La salida del armario de la actriz Ellen Page, en estos mismos días, ilustra el ejemplo contrario. Ellen Page no tenía ninguna obligación de declarar al mundo que es lesbiana. Es más, tal y como está el panorama en la industria cinematográfica, no sería de extrañar que se le cerrara alguna puerta profesional. Pero no solo ha tenido la valentía de dar un paso que es posible que necesitara personalmente (el de ser una mujer libre, el de quitarse de encima el enorme e injusto peso de ocultar su orientación sexual), sino que la actriz ha hecho un gesto, político, de incalculable valor para la lucha por la liberación gay. Son valiosísimos gestos así de artistas célebres, de personas famosas, porque tienen un extraordinario predicamento y, por tanto, una tribuna de responsabilidad social que en nada tiene por qué desmerecer a su arte.
“A nadie le importa la opinión de un actor sobre política”, ha afirmado, sin embargo, Kevin Spacey. ¿Es que Spacey -que es uno de los mejores actores del cine norteamericano, que es uno de losprotagonistas de House of Cards, que es una de las mejores series de televisión recientes- es un mero instrumento de representación? No solo importa su opinión, sino que puede llegar a ser de enorme influencia en asuntos de justicia, de derechos humanos, de agitación de las conciencias. La opinión de un actor importa tanto como la de cualquier ciudadano, pero si eres un ciudadano admirado, seguido por una audiencia tan amplia, la tuya va a llegar más lejos. Y eso, como las acciones artísticas de Yolanda Domínguez, es hacer política sin necesidad de hacerla: un privilegio para todos.

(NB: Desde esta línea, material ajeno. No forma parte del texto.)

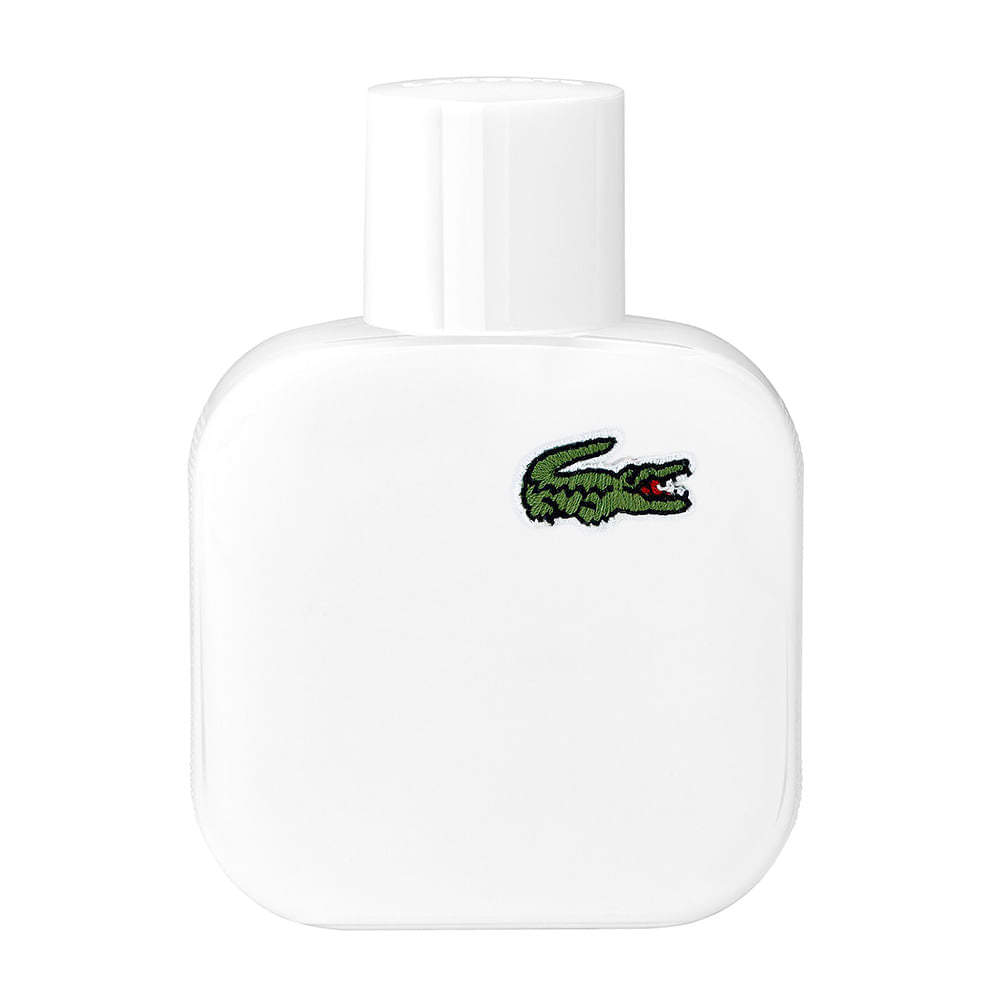 Blanc Lacoste -  Eau de Toilette - Herrenparfum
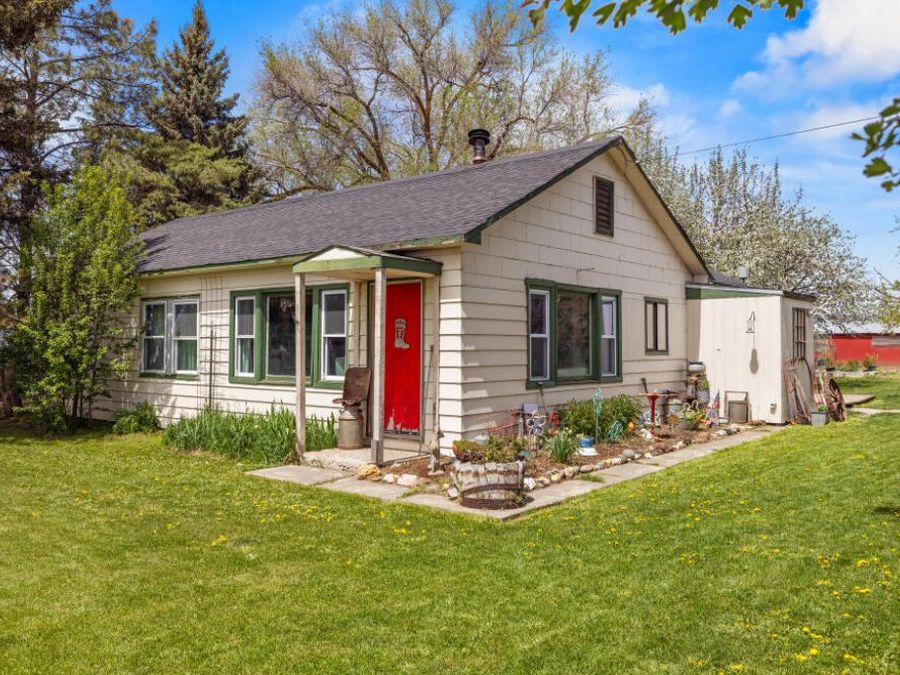 Property Image 41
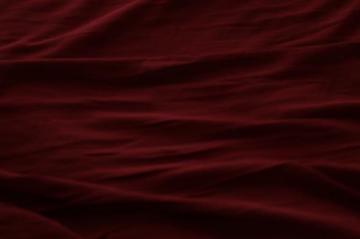 Maroon Pictures Image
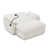 Beige est en rupture de stock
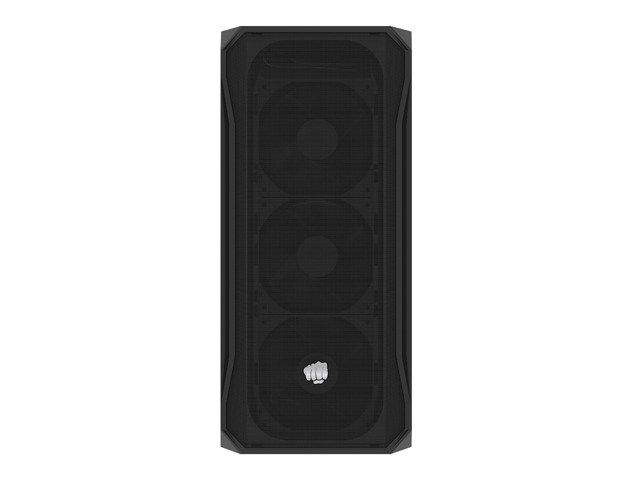 CASE  FURY SHOBO SH4F MIDI TOWER WITH WINDOW BLACK_14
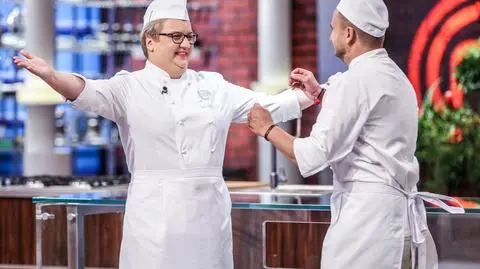 MasterChef: Magda Waś i jej pomysł na świąteczne prezenty!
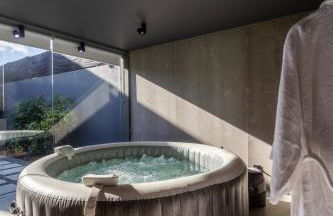 Santiago Beach House - Photo 25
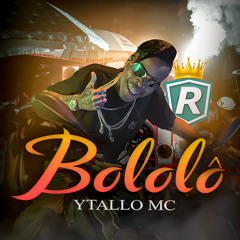 Bololô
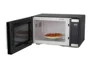 Hamilton Beach 1.1 MWO SS microwave oven 5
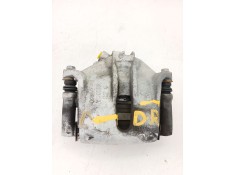 Recambio de pinza freno delantera derecha para peugeot 208 i (ca_, cc_) 1.2 thp 110 referencia OEM IAM YO1132  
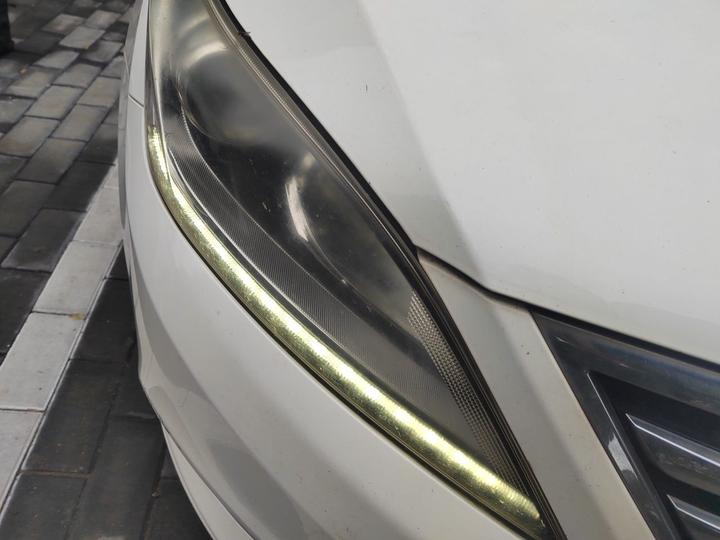 Eado 2016 1.6L MT photo 7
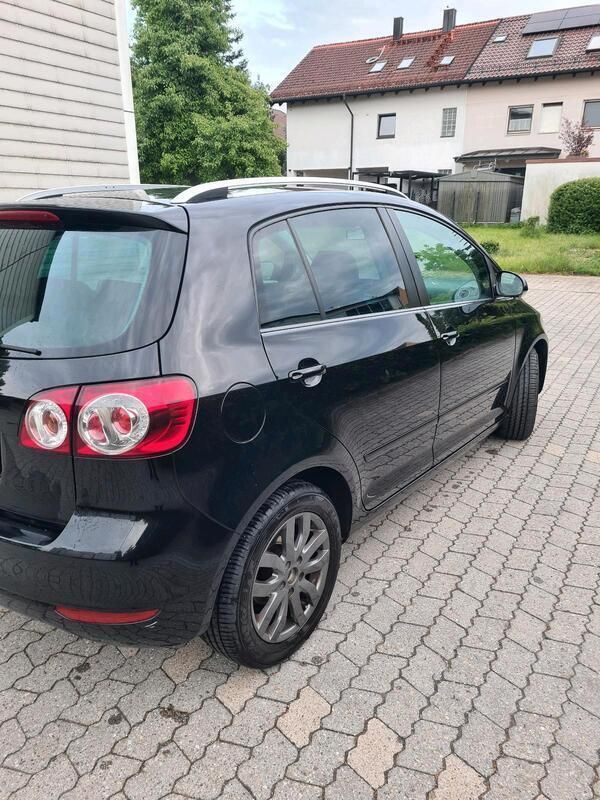 Bild 4/4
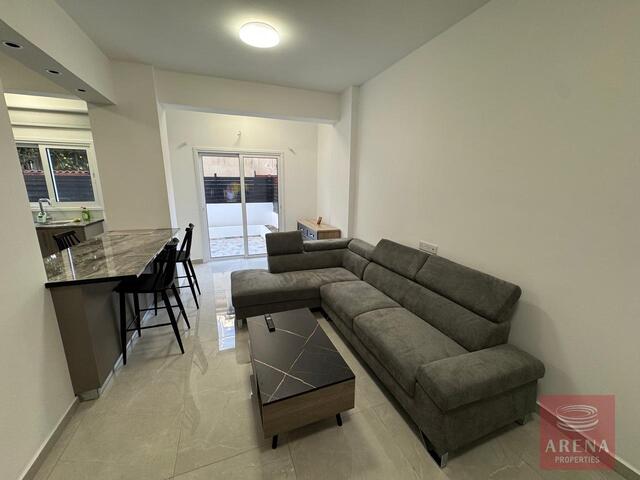apartment-6a4636507d53a-1.jpg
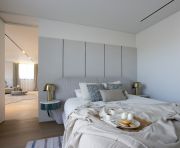 Sales - Villa - Marbella - Nueva Andalucía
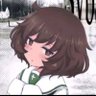Фото профиля coughs and spits at you with unimaginable strength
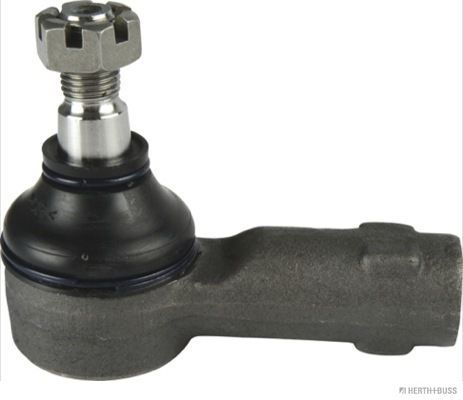 Skersinės vairo trauklės galas HERTH+BUSS JAKOPARTS J4820536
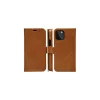 dbramante1928 Lynge – iPhone 12 Pro Max 6,7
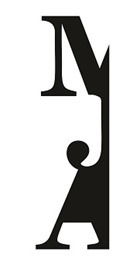 Device Of Mja Device mark 7192273 Trademark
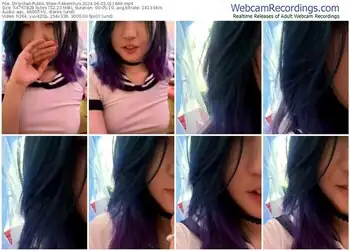 stripchat-akemilun-06-03-2024-01-16-49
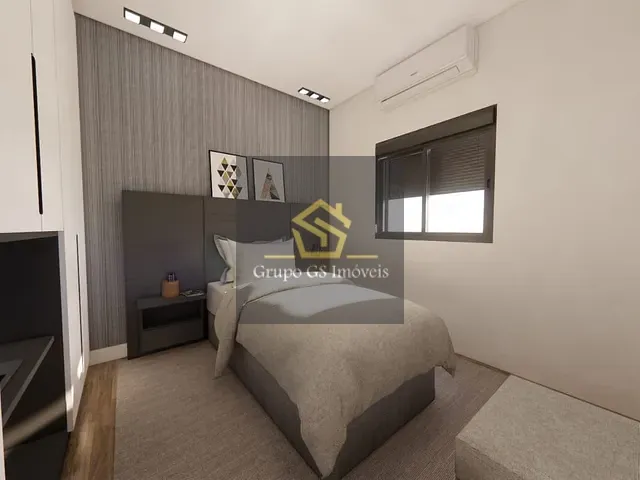 Casa com 185m² 3 quartos e 4 banheiros, à venda, no bairro Caixa D´água em Vinhedo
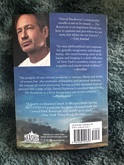David Duchovny on Jan 25, 2024 [349-small]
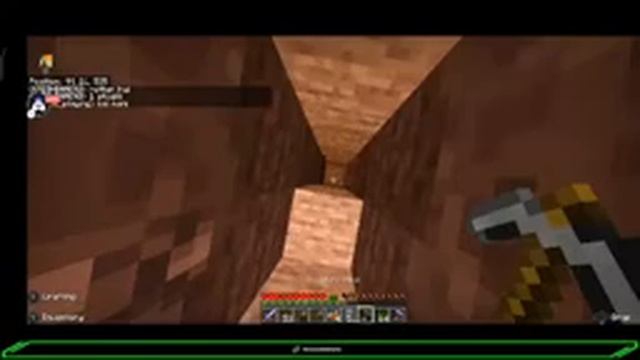 Minecraft GB SMP ???? Live Java+pe?Join now!! HEAD-MAX-BALE смотреть онлайн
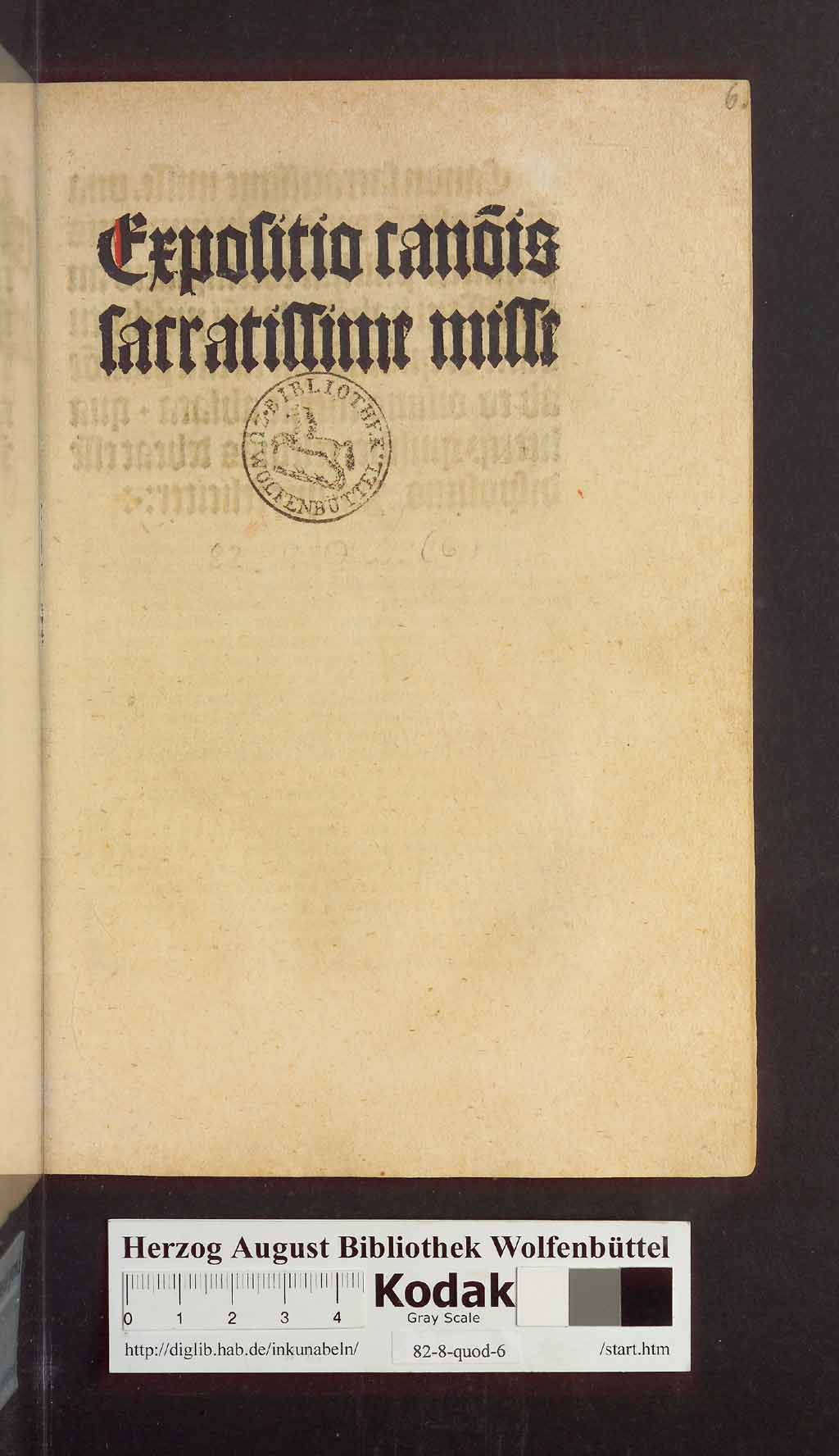 http://diglib.hab.de/inkunabeln/82-8-quod-6/00001.jpg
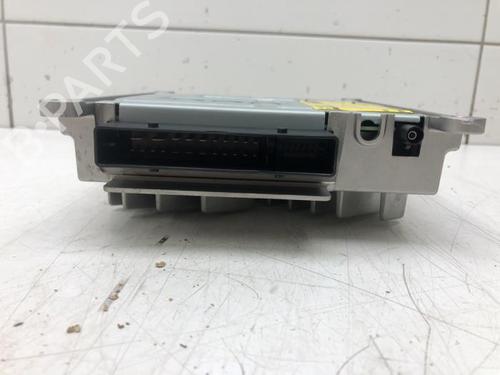 Control unit MERCEDES-BENZ EQV (W447) EQV 300 (447.813, 447.815) | BP15879224M11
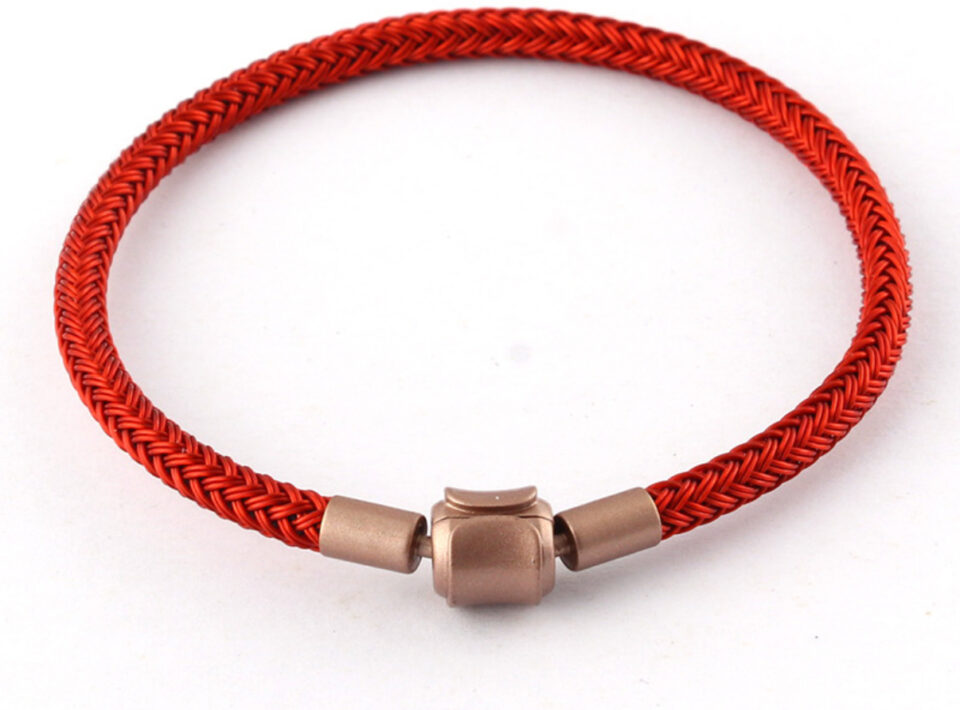 803E4510 644E 4490 866E 44783144E2E4 1 201 a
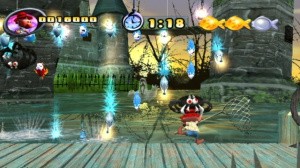 Fish'em All! Review - Screenshot 4 of 4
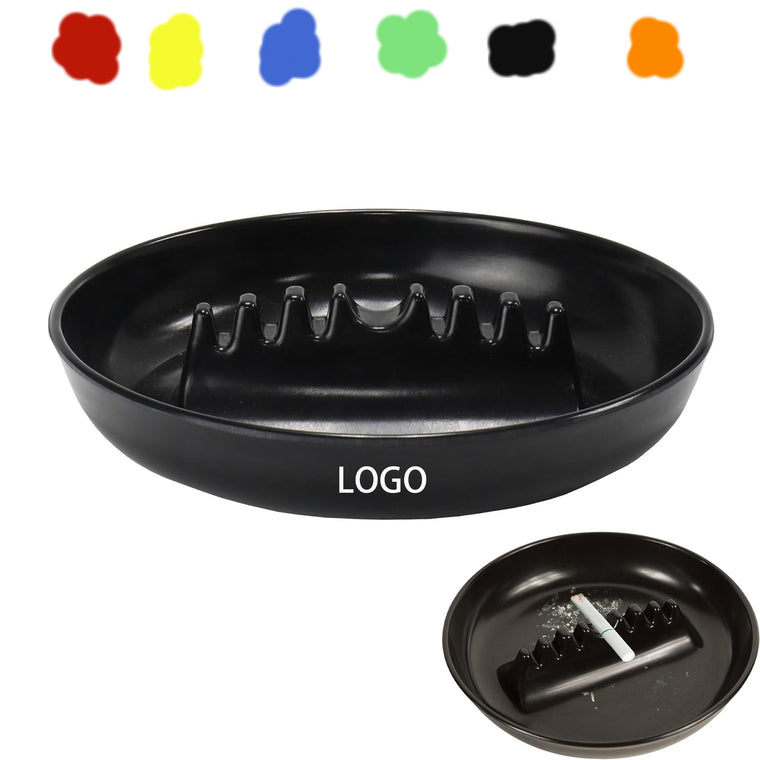 Plastic Ashtrays For Cigarettes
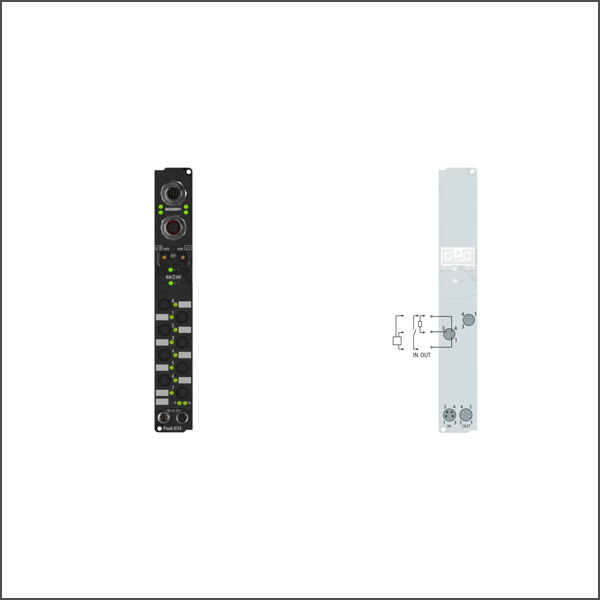 IP2310-B518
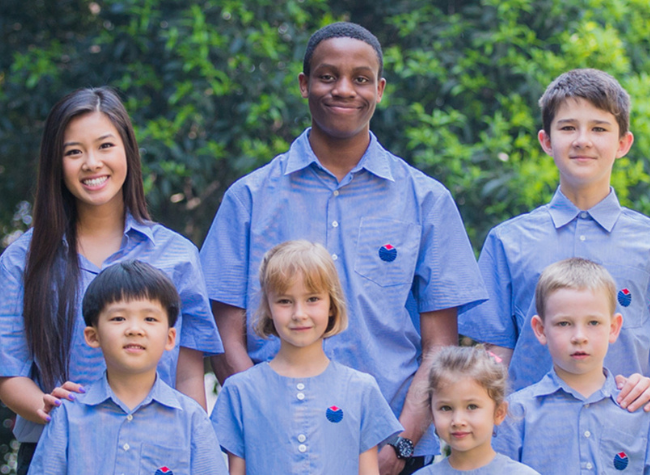 Chongqing Promotes Education Services to Benefit Overseas Students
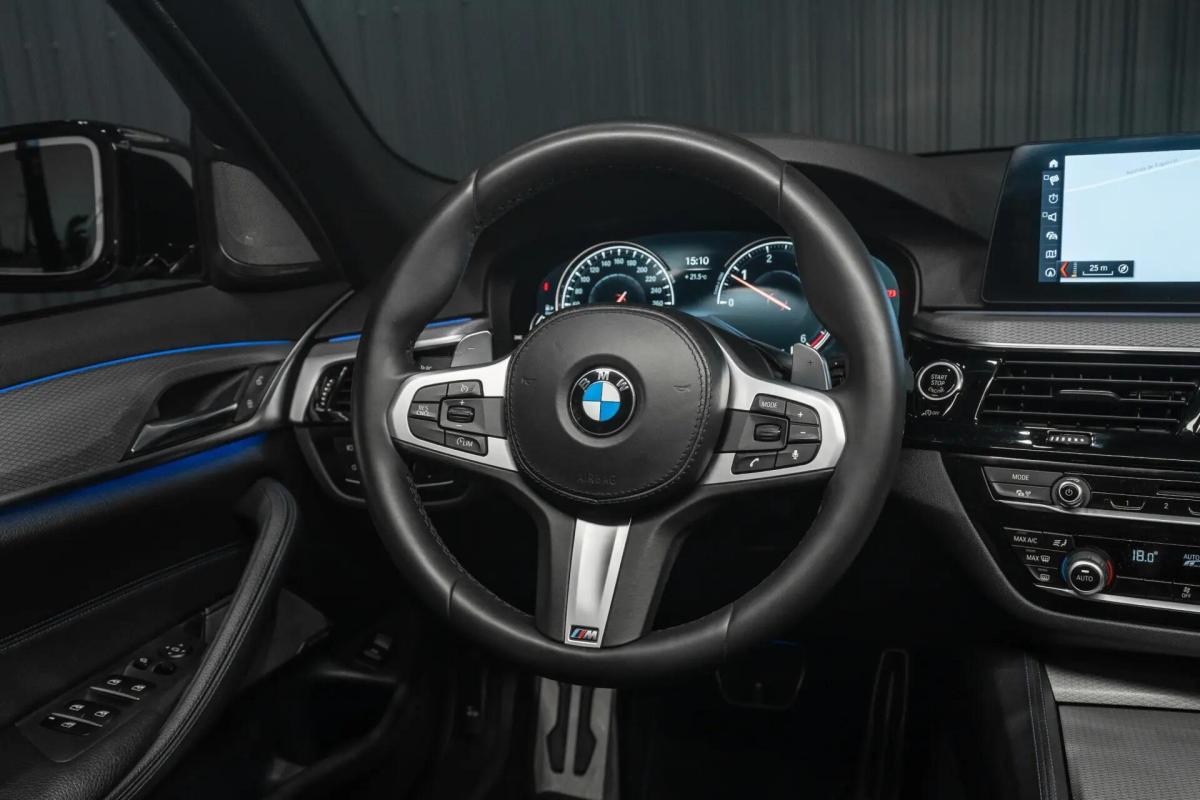 bmw-serie-5-520d-touring-2017-diesel-1995cc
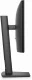 DELL Pro P P2226H #5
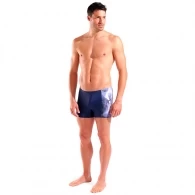 Slipi-sorti Arena DREAMING SWIM SHORT thumbnav 3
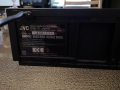 Видео - рекордер JVC HR-J428 / 4HEAD, снимка 5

El arte no tiene que estar al servicio de la política: no tiene que ser su mercenario, no debe empobrecer sus lenguajes ni sus procesos. Pero, inevitablemente, el arte es político. Como lo es el aire que respiramos. Y si el gesto de los artistas (los músicos, los actores, los escritores, los fotógrafos) puede ayudar a generar una experiencia común mejor, ¿no hay una cierta responsabilidad al respecto? Mínima, al menos: la de no ser, por indiferencia, por omisión, mercenario de lo peor.